En gallego, y en portugués hasta tiempos muy recientes (que por un evidente españolismo morfológico que empezó en Brasil, hoy se va extendiendo por Portugal también el auxiliar _haver_, al menos a nivel escrito), no existen los llamados tiempos compuestos tal como los del español o los de francés que usan el verbo auxiliar haber/avoir (otros como el catalán el verbo _anar_ 'ir'). La falta de este verbo auxiliar o morfema perfectivo, no quiere decir que no se pueda expresar la perfectividad, y de hecho la perífrasis *ter (tener) + participio* de aspecto perfectivo, vino usándose como una posibilidad de expresarla, pero esta perífrasis nunca se integró en la conjugación de los verbos como auxiliar.
El gallego usa para la perfectividad tiempos sintéticos heredados del latín, el pretérito perfecto y el pluscuamperfecto de indicativo, valiéndose en los demás casos o bien de la perífrasis con ter + participio, o bien de material léxico, especialmente adverbios y locuciones adverbiales.
En resumen, en gallego, y en portugués hasta hace bien poco, no existen los tiempos analíticos del perfecto, aunque existe una perífrasis perfectiva con el auxiliar _ter_ que puede usarse para suplirlos huecos del sistema temporal, o bien usarse determinaciones léxicas de la perfectividad.


----------



## Outsider

Muchas gracias por su aporte, caro Xiao. 



XiaoRoel said:


> En gallego, y en portugués hasta tiempos muy recientes (que por un evidente españolismo morfológico que empezó en Brasil, hoy se va extendiendo por Portugal también el auxiliar _haver_, al menos a nivel escrito), no existen los llamados tiempos compuestos tal como los del español o los de francés que usan el verbo auxiliar haber/avoir (otros como el catalán el verbo _anar_ 'ir').


Es muy interesante ese comentario.
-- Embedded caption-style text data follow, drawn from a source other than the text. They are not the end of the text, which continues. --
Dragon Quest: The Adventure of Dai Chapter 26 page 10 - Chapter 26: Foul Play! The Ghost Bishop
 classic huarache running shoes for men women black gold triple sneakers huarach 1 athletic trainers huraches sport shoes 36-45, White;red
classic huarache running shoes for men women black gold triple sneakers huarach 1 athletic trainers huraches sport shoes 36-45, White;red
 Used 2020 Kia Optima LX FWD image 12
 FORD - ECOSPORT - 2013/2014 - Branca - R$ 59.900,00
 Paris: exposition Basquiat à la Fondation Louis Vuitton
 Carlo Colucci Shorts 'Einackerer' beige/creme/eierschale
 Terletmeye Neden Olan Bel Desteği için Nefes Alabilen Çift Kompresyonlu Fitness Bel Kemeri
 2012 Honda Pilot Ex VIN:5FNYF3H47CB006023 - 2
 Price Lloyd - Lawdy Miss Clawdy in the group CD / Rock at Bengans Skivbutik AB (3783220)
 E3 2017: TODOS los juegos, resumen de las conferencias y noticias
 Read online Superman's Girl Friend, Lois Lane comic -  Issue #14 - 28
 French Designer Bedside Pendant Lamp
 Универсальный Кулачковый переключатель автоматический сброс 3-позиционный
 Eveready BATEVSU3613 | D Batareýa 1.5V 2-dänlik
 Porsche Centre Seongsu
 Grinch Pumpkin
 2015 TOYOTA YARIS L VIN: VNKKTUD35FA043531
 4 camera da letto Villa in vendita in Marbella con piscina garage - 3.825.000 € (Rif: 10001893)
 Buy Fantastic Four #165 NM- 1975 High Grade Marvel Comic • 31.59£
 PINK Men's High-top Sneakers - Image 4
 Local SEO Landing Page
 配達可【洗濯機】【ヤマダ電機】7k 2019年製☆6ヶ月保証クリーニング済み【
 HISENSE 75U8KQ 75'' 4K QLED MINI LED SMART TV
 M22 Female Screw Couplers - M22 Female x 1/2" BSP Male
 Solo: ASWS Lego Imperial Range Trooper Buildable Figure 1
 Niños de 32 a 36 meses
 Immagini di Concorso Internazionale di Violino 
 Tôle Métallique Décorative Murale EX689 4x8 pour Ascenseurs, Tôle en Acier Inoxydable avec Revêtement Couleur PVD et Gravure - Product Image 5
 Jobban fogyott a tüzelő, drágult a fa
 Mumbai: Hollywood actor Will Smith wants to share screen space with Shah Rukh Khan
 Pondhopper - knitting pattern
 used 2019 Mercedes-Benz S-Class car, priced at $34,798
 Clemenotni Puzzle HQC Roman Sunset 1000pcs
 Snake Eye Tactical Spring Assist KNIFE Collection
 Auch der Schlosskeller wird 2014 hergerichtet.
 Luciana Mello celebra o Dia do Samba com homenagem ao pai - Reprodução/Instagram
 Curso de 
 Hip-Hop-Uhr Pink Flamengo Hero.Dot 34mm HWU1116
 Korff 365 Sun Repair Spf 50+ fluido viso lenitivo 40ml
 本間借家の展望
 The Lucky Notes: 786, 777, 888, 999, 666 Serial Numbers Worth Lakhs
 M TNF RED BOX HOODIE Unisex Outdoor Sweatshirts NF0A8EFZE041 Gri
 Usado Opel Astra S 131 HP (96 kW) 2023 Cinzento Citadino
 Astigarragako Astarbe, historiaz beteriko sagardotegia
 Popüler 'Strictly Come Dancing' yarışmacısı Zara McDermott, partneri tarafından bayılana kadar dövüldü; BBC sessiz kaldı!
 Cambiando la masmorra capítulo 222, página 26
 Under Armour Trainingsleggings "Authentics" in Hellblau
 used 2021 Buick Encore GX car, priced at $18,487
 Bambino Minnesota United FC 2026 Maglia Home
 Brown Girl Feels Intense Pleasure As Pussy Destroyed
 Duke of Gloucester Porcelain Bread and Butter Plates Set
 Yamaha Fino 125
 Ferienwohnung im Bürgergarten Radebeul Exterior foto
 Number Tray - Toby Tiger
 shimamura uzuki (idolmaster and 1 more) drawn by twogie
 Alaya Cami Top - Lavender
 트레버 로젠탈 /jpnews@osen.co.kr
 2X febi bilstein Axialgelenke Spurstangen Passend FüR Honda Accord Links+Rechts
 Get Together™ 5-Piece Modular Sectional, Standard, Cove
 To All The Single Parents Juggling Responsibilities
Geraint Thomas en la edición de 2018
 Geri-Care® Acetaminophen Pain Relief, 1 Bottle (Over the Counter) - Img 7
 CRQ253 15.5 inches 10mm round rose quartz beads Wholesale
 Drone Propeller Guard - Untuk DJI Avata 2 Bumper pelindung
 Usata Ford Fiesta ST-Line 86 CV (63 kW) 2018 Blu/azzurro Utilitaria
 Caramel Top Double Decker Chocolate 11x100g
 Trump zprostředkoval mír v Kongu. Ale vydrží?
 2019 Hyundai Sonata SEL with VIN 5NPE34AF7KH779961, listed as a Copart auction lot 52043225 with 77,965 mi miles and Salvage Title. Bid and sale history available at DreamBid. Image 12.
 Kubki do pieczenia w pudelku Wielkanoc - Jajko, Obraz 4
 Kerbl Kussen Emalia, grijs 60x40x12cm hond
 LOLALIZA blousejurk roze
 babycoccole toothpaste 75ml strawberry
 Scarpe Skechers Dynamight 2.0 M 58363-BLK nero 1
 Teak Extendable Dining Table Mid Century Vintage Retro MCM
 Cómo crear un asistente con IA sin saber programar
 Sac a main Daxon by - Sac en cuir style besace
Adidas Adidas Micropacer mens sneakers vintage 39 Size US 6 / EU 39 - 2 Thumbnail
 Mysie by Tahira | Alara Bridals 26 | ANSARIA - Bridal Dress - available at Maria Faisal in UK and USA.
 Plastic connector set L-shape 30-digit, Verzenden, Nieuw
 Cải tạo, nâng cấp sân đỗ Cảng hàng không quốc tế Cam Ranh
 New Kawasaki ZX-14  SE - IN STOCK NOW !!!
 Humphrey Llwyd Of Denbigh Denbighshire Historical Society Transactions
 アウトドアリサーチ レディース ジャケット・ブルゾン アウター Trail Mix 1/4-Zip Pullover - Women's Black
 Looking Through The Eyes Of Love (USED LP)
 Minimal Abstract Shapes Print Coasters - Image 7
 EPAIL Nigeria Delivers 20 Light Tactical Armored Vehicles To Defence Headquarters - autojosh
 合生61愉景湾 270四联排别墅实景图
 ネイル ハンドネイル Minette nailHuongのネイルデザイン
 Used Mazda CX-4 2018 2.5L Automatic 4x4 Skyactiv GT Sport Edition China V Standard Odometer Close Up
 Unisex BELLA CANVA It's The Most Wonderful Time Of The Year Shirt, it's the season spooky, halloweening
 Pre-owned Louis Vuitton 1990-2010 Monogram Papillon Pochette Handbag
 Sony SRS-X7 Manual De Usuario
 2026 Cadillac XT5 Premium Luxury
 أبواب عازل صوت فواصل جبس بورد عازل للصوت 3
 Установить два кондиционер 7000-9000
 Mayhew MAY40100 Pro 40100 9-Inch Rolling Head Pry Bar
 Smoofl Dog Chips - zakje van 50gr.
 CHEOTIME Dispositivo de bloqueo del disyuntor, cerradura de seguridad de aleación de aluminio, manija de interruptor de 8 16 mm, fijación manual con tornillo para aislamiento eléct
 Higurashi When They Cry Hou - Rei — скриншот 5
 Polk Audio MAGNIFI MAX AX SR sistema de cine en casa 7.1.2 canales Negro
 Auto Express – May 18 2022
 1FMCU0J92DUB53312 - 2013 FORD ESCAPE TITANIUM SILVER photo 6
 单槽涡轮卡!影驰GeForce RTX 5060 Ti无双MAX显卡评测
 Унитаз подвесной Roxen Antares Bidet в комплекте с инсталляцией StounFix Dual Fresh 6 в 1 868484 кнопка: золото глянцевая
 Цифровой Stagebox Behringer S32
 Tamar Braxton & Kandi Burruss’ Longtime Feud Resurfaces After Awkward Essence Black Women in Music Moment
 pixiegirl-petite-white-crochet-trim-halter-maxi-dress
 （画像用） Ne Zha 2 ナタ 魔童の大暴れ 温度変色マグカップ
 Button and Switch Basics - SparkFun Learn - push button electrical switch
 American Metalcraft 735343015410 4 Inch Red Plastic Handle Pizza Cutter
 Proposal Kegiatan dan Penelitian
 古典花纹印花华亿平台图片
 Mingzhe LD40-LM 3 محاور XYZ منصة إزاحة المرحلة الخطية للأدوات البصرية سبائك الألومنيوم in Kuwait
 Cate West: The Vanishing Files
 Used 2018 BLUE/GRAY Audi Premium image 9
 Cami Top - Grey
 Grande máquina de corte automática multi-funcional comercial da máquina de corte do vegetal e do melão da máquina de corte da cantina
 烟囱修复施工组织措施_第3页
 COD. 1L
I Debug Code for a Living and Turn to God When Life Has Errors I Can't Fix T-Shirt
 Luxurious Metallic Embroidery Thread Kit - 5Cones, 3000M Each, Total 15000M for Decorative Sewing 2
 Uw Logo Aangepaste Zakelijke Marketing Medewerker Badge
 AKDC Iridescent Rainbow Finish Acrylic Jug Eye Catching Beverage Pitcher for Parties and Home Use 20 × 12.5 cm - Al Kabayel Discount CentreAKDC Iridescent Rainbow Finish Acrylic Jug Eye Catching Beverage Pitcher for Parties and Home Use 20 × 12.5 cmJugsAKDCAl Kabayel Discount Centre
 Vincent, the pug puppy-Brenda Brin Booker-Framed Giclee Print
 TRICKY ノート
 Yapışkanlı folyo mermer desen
Todavía no me había dado cuenta de que las perífrasis con _ter_ eran más _antiguas_ en portugués que las com _haver_. ¡Creía que era lo opuesto! Pero una búsqueda rápida al texto de _Os Lusíadas_ lo parece confirmar: encuentro varias instancias de _ter_ + participio, pero ninguna de _haver_ + participio:

"Ouvido tinha aos Fados que viria 
Uma gente fortíssima de Espanha" (Canto I)

"Alteradas então do Reino as gentes 
Co'o ódio, que ocupado os peitos tinha" (Canto IV)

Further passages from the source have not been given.